<<<<

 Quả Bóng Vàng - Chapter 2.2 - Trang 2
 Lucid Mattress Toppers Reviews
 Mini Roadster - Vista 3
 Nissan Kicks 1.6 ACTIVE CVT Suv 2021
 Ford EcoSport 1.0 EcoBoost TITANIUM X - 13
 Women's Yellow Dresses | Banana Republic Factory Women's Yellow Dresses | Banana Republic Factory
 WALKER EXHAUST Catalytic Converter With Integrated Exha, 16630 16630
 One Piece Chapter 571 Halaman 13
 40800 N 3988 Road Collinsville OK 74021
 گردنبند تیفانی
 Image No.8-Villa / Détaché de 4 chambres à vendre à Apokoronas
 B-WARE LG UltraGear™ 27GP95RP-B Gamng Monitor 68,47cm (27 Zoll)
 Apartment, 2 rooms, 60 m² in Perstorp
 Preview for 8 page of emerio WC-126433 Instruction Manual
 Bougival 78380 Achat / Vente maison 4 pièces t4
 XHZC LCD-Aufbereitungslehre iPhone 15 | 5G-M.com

>>>>

Exercise: From the records above, give again exactly the lines running from the line with "Women's Yellow Dresses | Banana Republic Factory Women's" to the line with "Apartment, 2 rooms, 60 m² in Perstorp", inclusive.

Response to this exercise:
 Women's Yellow Dresses | Banana Republic Factory Women's Yellow Dresses | Banana Republic Factory
 WALKER EXHAUST Catalytic Converter With Integrated Exha, 16630 16630
 One Piece Chapter 571 Halaman 13
 40800 N 3988 Road Collinsville OK 74021
 گردنبند تیفانی
 Image No.8-Villa / Détaché de 4 chambres à vendre à Apokoronas
 B-WARE LG UltraGear™ 27GP95RP-B Gamng Monitor 68,47cm (27 Zoll)
 Apartment, 2 rooms, 60 m² in Perstorp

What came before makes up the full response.